México vivió ayer un día más de vergüenza y degradación política: el gobierno simuló construir “la mejor democracia del mundo”, pero fue tan ilegal y aberrante que resultó un bodrio nauseabundo. Fue un acto cínicamente calculado en el proceso de dinamitar nuestro sistema de justicia, y dio paso libre a la creciente arbitrariedad, que también a estos criminales y a su descendencia aplastará.
Ese hecho no debe analizarse superficialmente. Sus raíces se hunden en la congénita perversidad de un enfermo mental que dispuso y dispone del destino de una población ausente de su primerísima responsabilidad: intervenir limpia y generosamente en la vida pública.

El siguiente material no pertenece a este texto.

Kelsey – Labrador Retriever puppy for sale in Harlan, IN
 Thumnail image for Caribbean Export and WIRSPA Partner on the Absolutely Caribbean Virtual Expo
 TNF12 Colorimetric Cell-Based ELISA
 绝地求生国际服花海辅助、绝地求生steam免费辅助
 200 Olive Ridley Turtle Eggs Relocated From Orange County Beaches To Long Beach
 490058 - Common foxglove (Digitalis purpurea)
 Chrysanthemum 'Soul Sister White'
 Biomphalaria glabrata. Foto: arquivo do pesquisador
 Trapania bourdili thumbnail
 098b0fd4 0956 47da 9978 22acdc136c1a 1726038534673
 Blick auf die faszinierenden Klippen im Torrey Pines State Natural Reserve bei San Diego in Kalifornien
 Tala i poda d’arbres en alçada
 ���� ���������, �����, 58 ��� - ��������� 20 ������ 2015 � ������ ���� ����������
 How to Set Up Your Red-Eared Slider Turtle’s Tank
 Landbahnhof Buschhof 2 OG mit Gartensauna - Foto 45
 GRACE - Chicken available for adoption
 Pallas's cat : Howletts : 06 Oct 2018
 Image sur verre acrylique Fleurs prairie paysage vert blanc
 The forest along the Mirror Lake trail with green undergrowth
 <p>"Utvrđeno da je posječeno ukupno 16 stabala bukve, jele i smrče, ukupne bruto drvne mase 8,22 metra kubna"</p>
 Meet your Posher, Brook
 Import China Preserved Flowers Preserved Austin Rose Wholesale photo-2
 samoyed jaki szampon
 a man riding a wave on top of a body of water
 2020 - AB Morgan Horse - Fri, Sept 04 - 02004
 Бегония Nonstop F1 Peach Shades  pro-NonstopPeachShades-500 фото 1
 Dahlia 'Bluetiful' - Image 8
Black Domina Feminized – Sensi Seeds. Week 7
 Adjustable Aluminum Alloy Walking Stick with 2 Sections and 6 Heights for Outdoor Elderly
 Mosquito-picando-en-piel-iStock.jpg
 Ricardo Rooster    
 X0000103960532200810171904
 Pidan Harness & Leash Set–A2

Cuando se lee la historia de otros pueblos sorprende la repetición de ciertos comportamientos patológicos de algunos de sus dirigentes. Me referiré a un hombre cuya huella profunda, por su inmensurable maldad, sigue lacerando a su nación:
De él dijeron los que de cerca lo trataron que “nunca fue tolerante con la disensión en las filas de su partido”; que “no le importaban en absoluto las opiniones de los demás”; que “deliberadamente se rodeaba de necios que no se atrevían a discutirle”; que “su actitud dominante se fue ampliando hasta llegar a proporciones megalómanas”; que “se encolerizaba con quienes trató durante años”; que “actuaba poseído por el odio y la cólera”; que “vivía en una extrema tensión nerviosa”; que “su comportamiento público era vulgar y grosero”; que “era difícil creer que fuera un hombre culto”; que “se burlaba de sus adversarios, tanto dentro como fuera del partido, utilizando un lenguaje crudo y violento”; que “la alteración maníaca de su estado de ánimo era característica de su naturaleza psicológica”; que “buena parte de su éxito se explica por el dominio imponente sobre su partido”; que “ningún otro partido político había estado tan íntimamente ligado a la personalidad de un único hombre, y que fue el primero que logró la categoría de un dios”; que “se le juró lealtad como líder y maestro, porque todos los demás eran enanos políticos”; que “su dominio sobre el partido tenía que ver más con la cultura del partido que con su carisma, y que su oratoria era gris, que le faltaba brillantez”; que “no podía pronunciar las palabras correctamente, pero tenía facilidad para encontrar lemas fáciles que metía en la cabeza de sus oyentes a fuerza de repetirlos constantemente”; que “fue capaz de infundir una fe fanática en el movimiento y en la causa”; que era “un hombre monomaníaco con la moral atrofiada”.
Se puede deducir que lo anterior se refiere a Tartufo (alias AMLO), pero es la historia de Vladímir Uliánov, el tal Lenin (1870-1924) que desató en Rusia una de las guerras civiles más sangrientas que registra la historia. Como dice la canción: “… tantos mundos, tanto espacio y coincidir”.